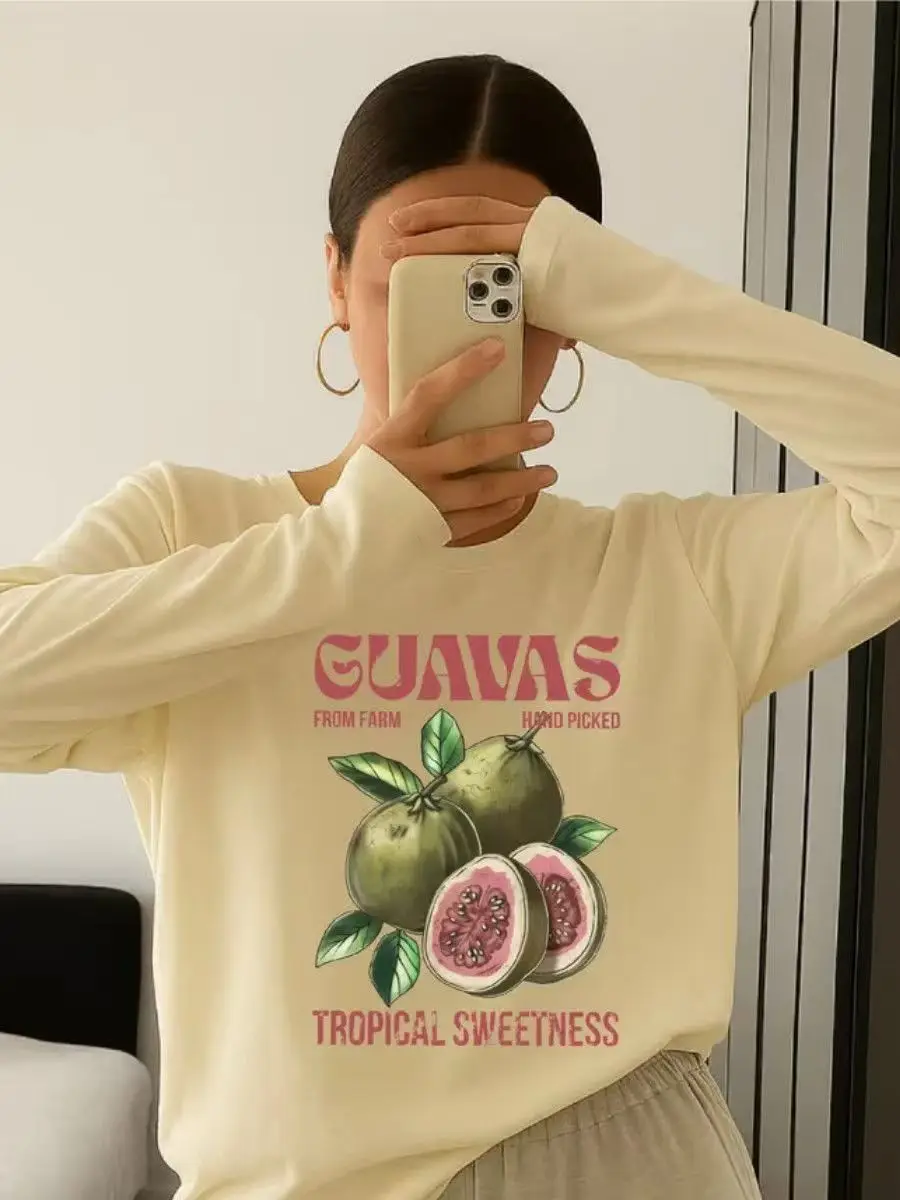 Guava Tropical Print Fruit T Shirt Loose Sweatshirt Women Autumn 2025 Thin Cotton Long Sleeve T Shirt American Oversized Tees
Guava Tropical Print Fruit T Shirt Loose Sweatshirt Women Autumn 2025 Thin Cotton Long Sleeve T Shirt American Oversized Tees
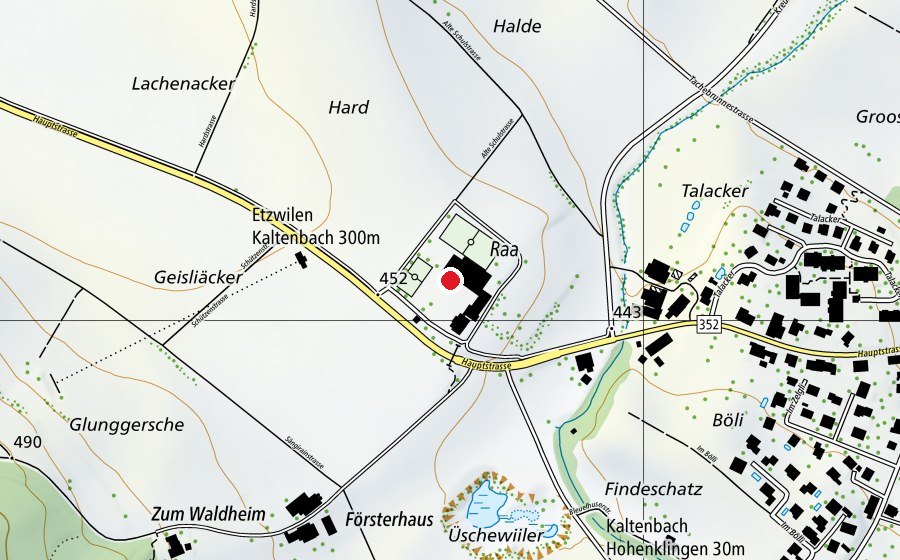 Map showing the location of Primarschule Wagenhausen-Kaltenbach (School)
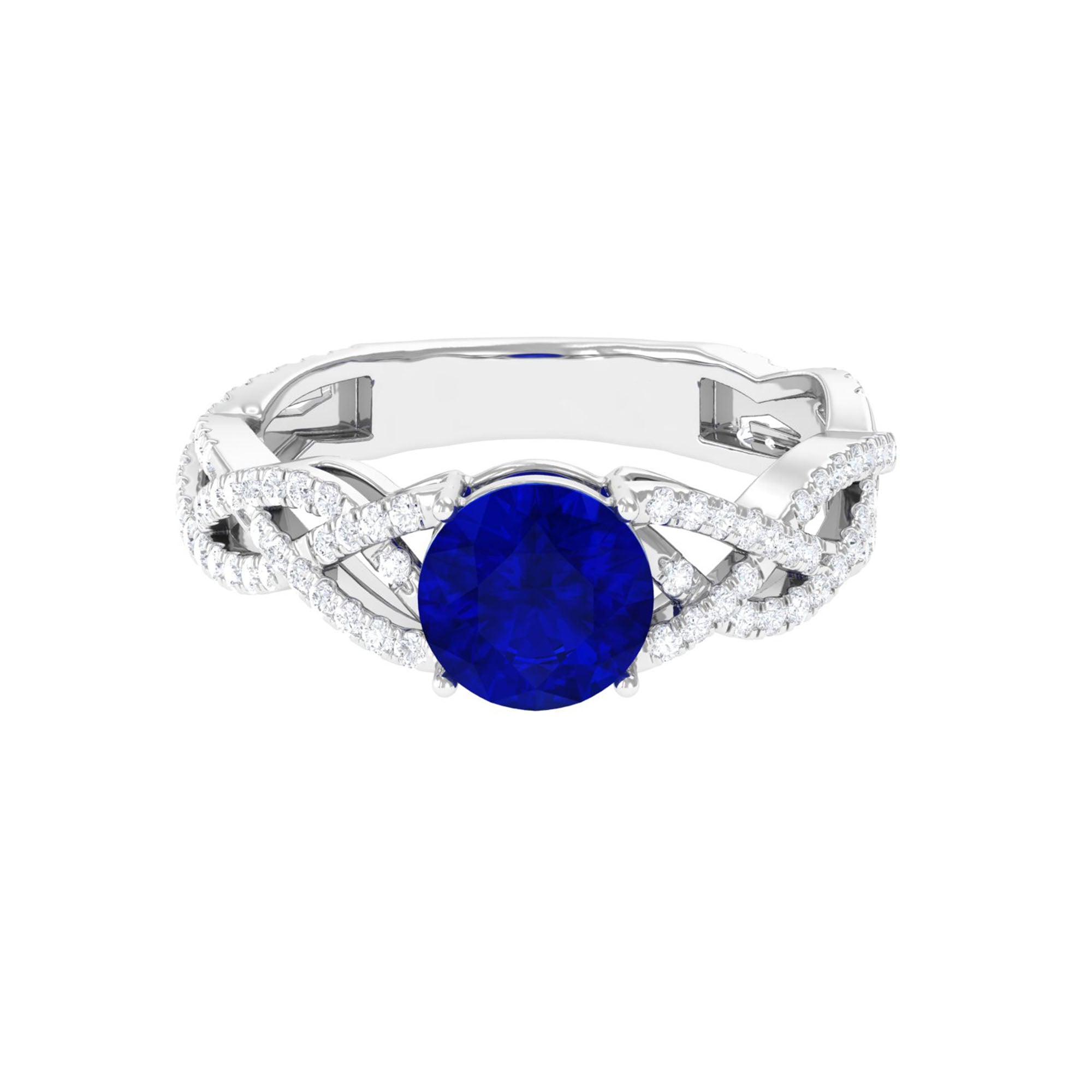 Vibrant Grown Labs-Lab Grown Blue Sapphire Solitaire Engagement Ring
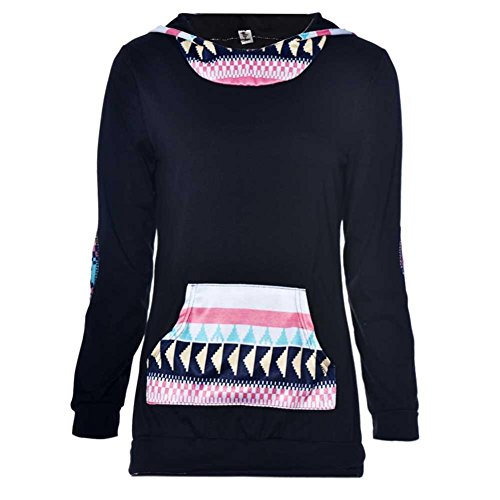 Womens Geometric Printing Pocket Hoodie Sweatshirt Hooded Pullover Tops Blouse (S, Black)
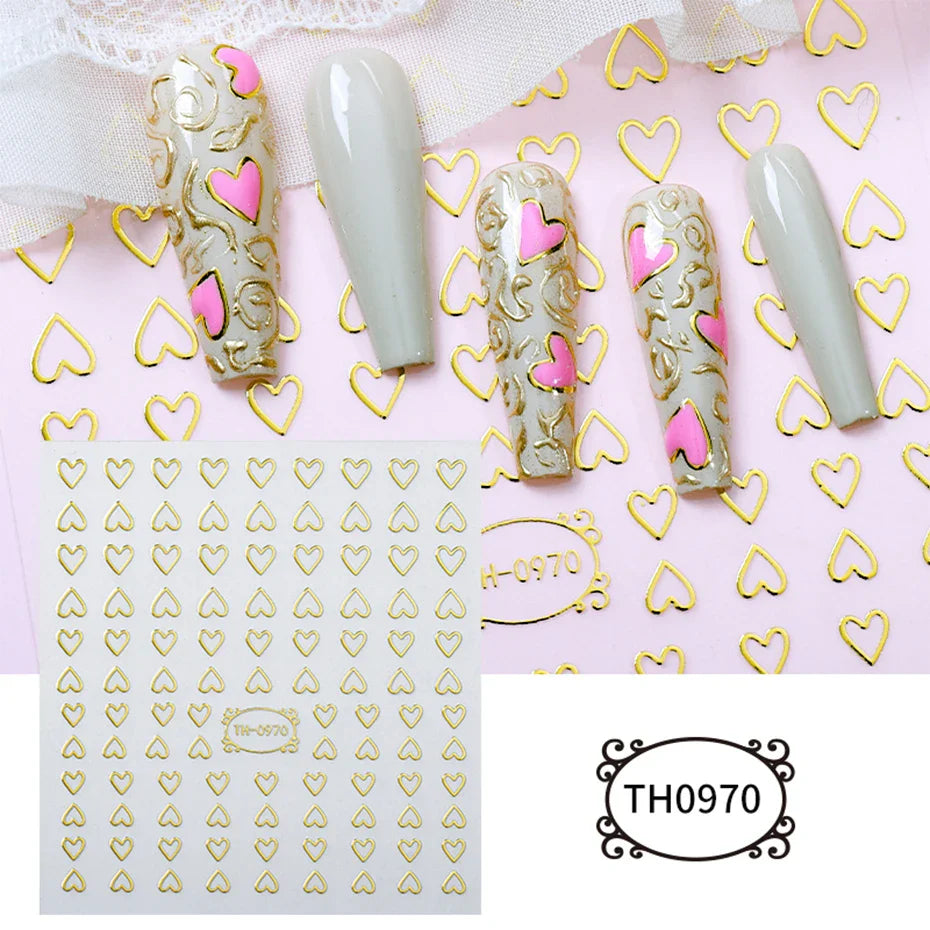 Aichashi Love Heart Nail Stickers Simple Heart Design Self-Adhesive Slider Letters Nail Art Decorations Stars Decals Manicure Accessories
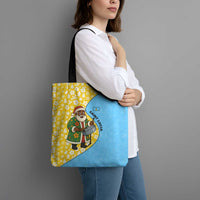 Saint Lucia Christmas Tote Bag with Steelpan Santa Floral Pattern and Flag - Wonder Print Shop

========================================================================

→ Exercise requirements
The answer should contain every line of the material exactly as written and no pictures.

→ Reply
 Guava Tropical Print Fruit T Shirt Loose Sweatshirt Women Autumn 2025 Thin Cotton Long Sleeve T Shirt American Oversized Tees
Guava Tropical Print Fruit T Shirt Loose Sweatshirt Women Autumn 2025 Thin Cotton Long Sleeve T Shirt American Oversized Tees
 Map showing the location of Primarschule Wagenhausen-Kaltenbach (School)
 Vibrant Grown Labs-Lab Grown Blue Sapphire Solitaire Engagement Ring
 Womens Geometric Printing Pocket Hoodie Sweatshirt Hooded Pullover Tops Blouse (S, Black)
 Aichashi Love Heart Nail Stickers Simple Heart Design Self-Adhesive Slider Letters Nail Art Decorations Stars Decals Manicure Accessories
 Saint Lucia Christmas Tote Bag with Steelpan Santa Floral Pattern and Flag - Wonder Print Shop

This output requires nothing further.